Objective: To develop a debriefing curriculum comprised of a training module, simulation, and feedback, and evaluate the effect on performance, comfort, knowledge, and practice in clinical debriefs.
Design/Methods: This was a single-center prospective study of PEM fellows and faculty at a tertiary care pediatric hospital. The curriculum included simulation, feedback, and a training module (Fig. 1). Subjects completed one 2-hour session in which they led a standardized clinical simulation followed by a simulated clinical debrief (“pre-training”), received feedback, completed an interactive training module, then led another simulation and debrief with feedback (“post-training”). To assess retention over time, subjects completed a third simulation and debriefing 2-6 months after their training. At pre-training, post-training, and retention, subjects completed surveys measuring attitudes and experiences, a knowledge test, and a curriculum evaluation. A blinded, trained investigator watched video recordings of the debriefs and scored debrief leadership performance with a novel 21-item checklist. The primary outcome was debrief leadership performance using the checklist score. Secondary outcomes included comfort and knowledge regarding debriefs, curriculum evaluation, and changes in clinical practice. With 25 subjects, the power was 89% to find a 4-point change in performance. Paired t-tests were used for performance and knowledge scores and McNemar’s test for dichotomized Likert scale data.

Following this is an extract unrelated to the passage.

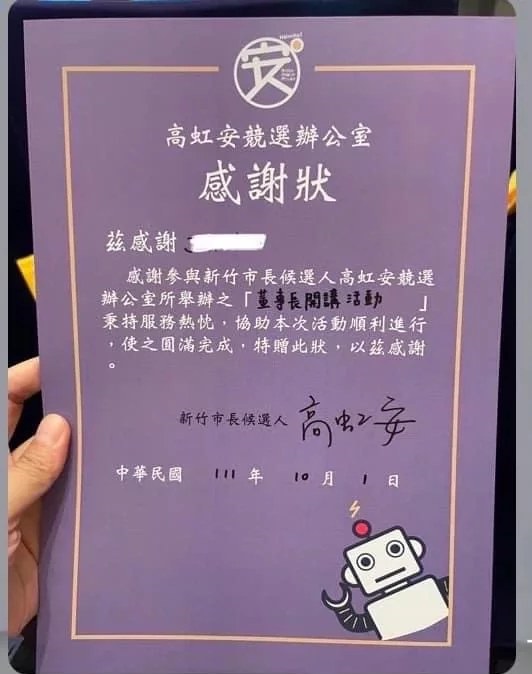 對於吳子家來函要求更正言論否則不排除提告，林耕仁拿出高虹安競辦的感謝狀證據公開反擊。 圖:林耕仁競選團隊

Results: All subjects (n=27) completed the curriculum and retention assessment (Table 1). Debrief leadership performance, comfort leading debriefs, and debrief knowledge all significantly improved from pre- to post-training and improvements persisted through the retention assessment (Table 2). All participants found the simulations and feedback somewhat or very useful, and 96% found the training module somewhat or very useful. Most (67%) reported change in their practice leading clinical debriefs after training and all (100%) would recommend the training to other PEM physicians.
Conclusion(s): A hybrid clinical debriefing curriculum using simulation, feedback, and a training module led to sustained improvements in performance, knowledge, and comfort among PEM faculty and fellows. These results suggest that debrief training is feasible and useful for PEM physicians.